Comme je vous l'ai dit : voilà ce qu'est l'unité de l'art, cette maison, cette église, cet hôtel de ville, construits et décorés par les efforts harmonieux d'un peuple libre. Il est impossible à un homme seul d'y parvenir, aussi doué soit-il. Supposons même que son maître d'œuvre ou son architecte soit un grand peintre et un grand sculpteur, un ferronnier, un mosaïste, un tisseur et un artisan hors pair — bien qu'il soit capable de concevoir toutes ces choses, il ne peut les exécuter, et un peu de son génie doit se retrouver chez les autres membres du grand corps qui érige l'œuvre complète : des millions de coups de marteau et de ciseau, de gouge, de pinceau, de navette sont enchâssés dans cette œuvre d'art, et dans chacun d'entre eux il y a soit l'intelligence d'aider le maître ou la bêtise de le contrecarrer désespérément.
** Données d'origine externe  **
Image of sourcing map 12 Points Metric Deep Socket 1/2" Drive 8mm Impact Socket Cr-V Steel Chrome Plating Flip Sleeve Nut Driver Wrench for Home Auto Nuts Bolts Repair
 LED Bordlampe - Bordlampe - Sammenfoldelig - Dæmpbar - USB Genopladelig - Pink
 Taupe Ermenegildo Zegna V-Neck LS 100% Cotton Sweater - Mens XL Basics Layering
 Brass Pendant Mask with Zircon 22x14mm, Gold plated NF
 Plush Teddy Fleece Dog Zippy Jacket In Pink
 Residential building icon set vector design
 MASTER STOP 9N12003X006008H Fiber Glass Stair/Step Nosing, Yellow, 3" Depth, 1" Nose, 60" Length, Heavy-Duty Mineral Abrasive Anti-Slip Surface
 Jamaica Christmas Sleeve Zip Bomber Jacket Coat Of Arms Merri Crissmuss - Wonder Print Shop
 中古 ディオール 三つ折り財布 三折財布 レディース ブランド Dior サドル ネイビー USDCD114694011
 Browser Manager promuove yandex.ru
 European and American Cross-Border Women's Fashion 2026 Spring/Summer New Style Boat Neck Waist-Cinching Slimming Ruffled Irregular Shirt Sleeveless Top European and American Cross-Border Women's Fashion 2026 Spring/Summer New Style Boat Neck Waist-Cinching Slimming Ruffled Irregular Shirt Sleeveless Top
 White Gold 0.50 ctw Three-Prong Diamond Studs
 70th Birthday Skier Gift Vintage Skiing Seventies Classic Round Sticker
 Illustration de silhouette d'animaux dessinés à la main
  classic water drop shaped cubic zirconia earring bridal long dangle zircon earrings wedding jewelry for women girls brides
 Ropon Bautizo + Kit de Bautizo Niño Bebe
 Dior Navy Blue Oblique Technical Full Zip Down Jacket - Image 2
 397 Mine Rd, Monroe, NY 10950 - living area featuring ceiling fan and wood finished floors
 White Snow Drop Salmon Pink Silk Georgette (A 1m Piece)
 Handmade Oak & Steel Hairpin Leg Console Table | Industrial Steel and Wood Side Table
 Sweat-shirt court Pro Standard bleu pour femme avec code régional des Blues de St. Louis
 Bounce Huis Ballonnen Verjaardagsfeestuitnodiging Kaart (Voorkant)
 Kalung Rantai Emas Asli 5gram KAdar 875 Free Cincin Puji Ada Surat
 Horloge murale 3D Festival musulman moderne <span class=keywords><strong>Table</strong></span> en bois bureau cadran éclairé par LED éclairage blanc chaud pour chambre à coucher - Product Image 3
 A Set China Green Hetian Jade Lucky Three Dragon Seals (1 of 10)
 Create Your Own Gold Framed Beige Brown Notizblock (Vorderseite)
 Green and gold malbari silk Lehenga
Les maçons, qui jour après jour font leur part de gravats et de pierres de taille, peuvent l'aider à combler les âmes de ceux qui viendront contempler l'ouvrage, ou bien ils sont à même de faire de son plan sur le papier quelque chose de fou ou ridicule. Eux et tous les ouvriers qui participent à cet ouvrage apporteront cette touche de désastre malgré le puissant génie du maître, à moins qu'ils n'aient l'instinct de la tradition intelligente ; le cas échéant, toute la prétention artistique qu'ils pourront y mettre sera vaine. Mais s'ils travaillent en s'appuyant sur la tradition intelligente, leur ouvrage sera l'expression de leur coopération harmonieuse et du plaisir qu'ils y ont pris. Aucune intelligence, même de la plus basse espèce qui soit, n'y a été écrasée ; au contraire, elle a été plutôt subordonnée et utilisée afin que personne, du maître au plus modeste ouvrier, ne puisse s'écrier : "C'est mon oeuvre", mais afin que chacun puisse dire sincèrement : "C'est notre œuvre". Essayez d'imaginer, si vous le pouvez, tout le plaisir que la production d'une telle œuvre d'art procurerait à tous ceux qui y ont contribué, même s'il a fallu des années et des années (car on ne saurait précipiter tel ouvrage), et une fois achevée, le plaisir pérennes des citoyens qui peuvent la contempler, l'utiliser et en prendre soin jour après jour, année après année.

William Morris, "L'art et l'artisanat d'aujourd'hui", in L'art et l'artisanat, trad. Thierry Gillyboeuf, Paris, éditions Payot&Rivages, 2011, p. 24-25.